Sorry, it’s not that kind of story, but as long as I got you here with that detail, let me milk it a little. This was world-class cleavage.: she was in her twenties, her neckline rivaled anything I’ve seen outside of a stripclub, and she had HUUUUUGE tits in a comically extreme pushup bra. I’m talking like 48DD, or something on that order. It was almost silly. Every heterosexual guy in the car took one look at her and had a single thought: “Motorboat.”
She was also the most obnoxious person I’ve encountered on the J train this month (I hate travelling on the J, except I usually get a good story every few weeks.) She was the mother of a 2-year-old girl who she has with her, and a stroller, on the train. This was rush hour, two people standing for everyone sitting, and when she barged on, she asked the guy next to me if he would join the standers so her little girl could sit.
Somewhat surprisingly, the guy got up meekly, and the little girl sat down. She was two, so she didn’t know how to behave on a public conveyance—she started kicking the person on the other side of her, and after a few stops he got off the train too. The mother took his seat. The little girl then stood up, ran around the car a little bit, vacating her seat, which no one took because that would cause a scene when the little girl returned and the mother asked the person (as we all understood she would) to give up the seat for the little girl again.
So this kid is running around the subway car, sitting in people’s laps, kicking them, running into them, having a grand time, and her gargantuan-titted mother is -–yakking on her cell phone, not paying the slightest mind to her little girl, and now I’ve managed to move over, so the mother is sitting with about three empty seats between her and me, and people are still standing in the car.
This continues for quite a while, and we’re all looking at each other.
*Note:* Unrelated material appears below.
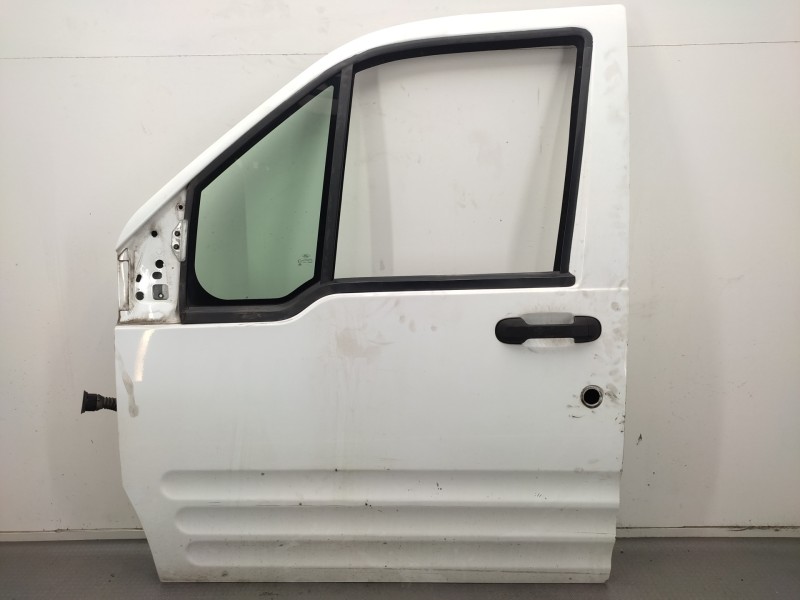Recambio de puerta delantera izquierda para ford transit connect (tc7) furgón (2006) referencia OEM IAM AT16V20125AA  5147242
I can’t tell you how rare it is for a seat that hasn’t been peed on to stay vacant for more than 3 seconds on the J train at rush hour, but none of my fellow passengers wants to get into an argument with this colossal waste of DNA, still making social calls on her cell while her child rampages the length of the subway car, finally returning to her seat (and the two empty seats on either side of her). She is (I haven’t mentioned) singing some incomprehensible song at the top of her lungs the whole while, with nary a “SHhhh, honey” from the mom.
The child decides to lay herself down flat on the subway seats, now literally occupying all three spaces, and begins to kick me. I move down another few inches, and she follows me down the bench, still kicking me. People in the subway are smiling at me, sympathetically, as if to say “Hey, what are you going to do?” I actually am amazed at people’s restraint, and am somewhat astonished at mine, because New Yorkers aren’t exactly known for their good manners and their tolerance, me least of all. But we’re all giving the mother dirty looks, which she is ignoring masterfully as she jabbers into her cell phone, narrating her trip in such a way that she seems genuinely clueless how reviled she is on this subway car: “Oh, we just left Myrtle Avenue, how many stops until we get to you? That long? Oh, dear, this is a crowded subway, and it’s very boring. We’re going local, I think. OHHH—“ as her little girl gets up, and runs fullspeed into a subway pole, and bounces flat on her face. Does the mother help her little girl? No, she continues narrating, as the child wails and shrieks, as strangers picks her up and return her to her seat, “she just fell down, she’s a very bad girl, no, that’s her, crying. SHUT UP, SHUT UP, oh, she won’t stop crying, she needs a nap, no, I don’t know what stop we’re coming into now, let me look….” And on and on, as the child pitches a fit.
My question is: does cleavage cause obnoxiousness, or does obnoxiousness cause cleavage? World-class, in both categories.